Published January 13, 2015
Deloitte Touche Tohmatsu became the last of the five major accounting firms Tuesday to say it would separate its accounting and consulting divisions.
Deloitte had remained on the fence over the past week as the other four firms announced changes in their business practices or took other steps to quell deepening concerns over the reliability of corporate financial statements.
The concerns followed the collapse of Enron Corp. and revelations of its dubious accounting practices.
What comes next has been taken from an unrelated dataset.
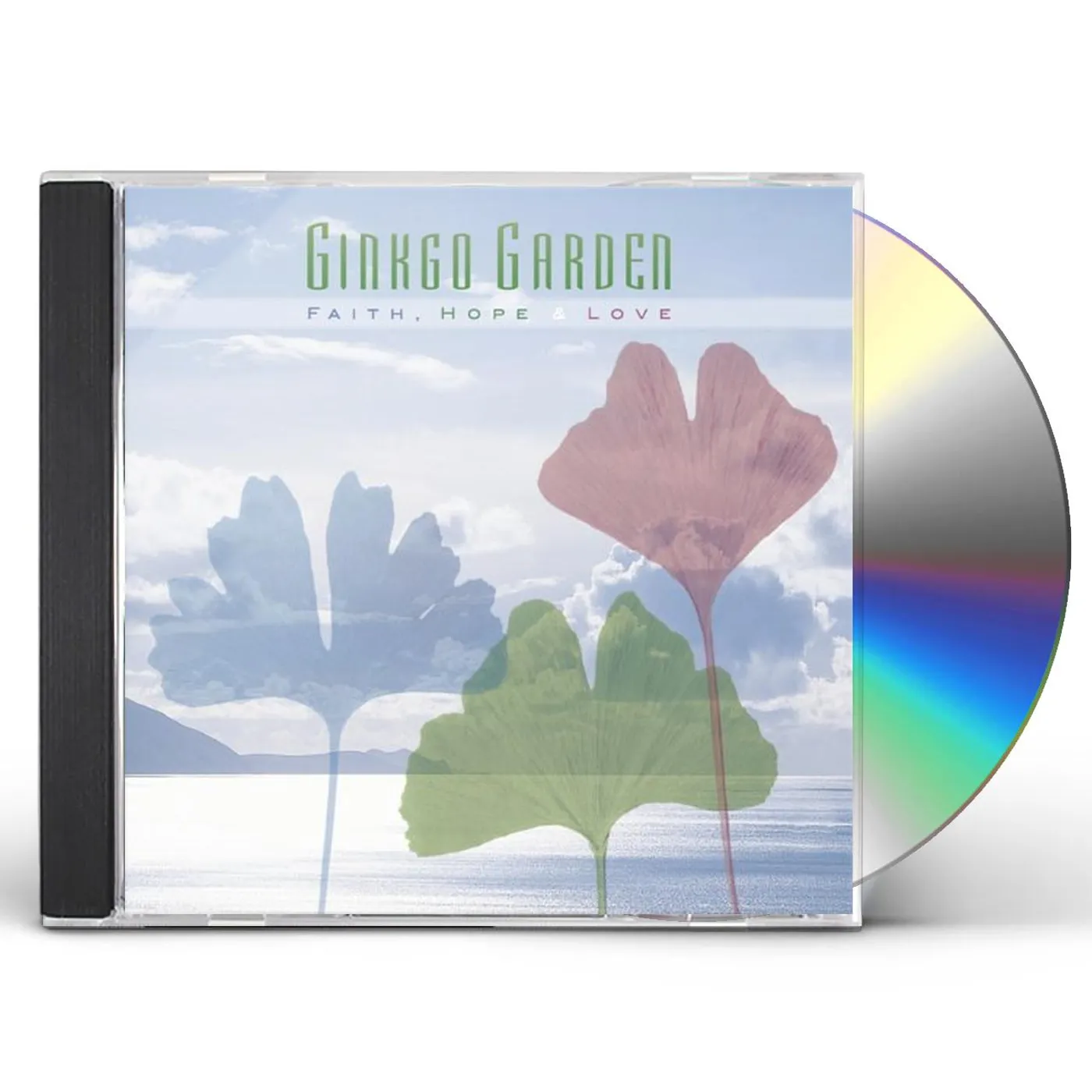 Ginkgo Garden FAITH HOPE & LOVE CD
Deloitte Touche Tohmatsu does business in the U.S. as Deloitte & Touche.
James E. Copeland Jr., chief executive of Deloitte Touche Tohmatsu, said in an interview that the firm made the decision "very, very reluctantly" and viewed it as a "step backwards" in many ways.
But Copeland said there was heavy pressure on the firm and its clients to separate auditing and consulting.
"Our concern is that our clients are being put in a difficult position of having to choose between their auditor of choice and their consultant of choice," Copeland said.
Copeland said the decision would be formally announced Wednesday at a global meeting of the firm's governance committee.
As recently as last week Deloitte said it would be "premature" to accept or reject any single proposal for change.
Last week the largest accounting firm, PricewaterhouseCoopers, said it had accelerated plans to spin off its own consulting unit, PwC Consulting, because of investor concerns over Enron.
Enron auditor Arthur Andersen LLP was tarnished in the scandal following revelations that it destroyed documents sought by investigators.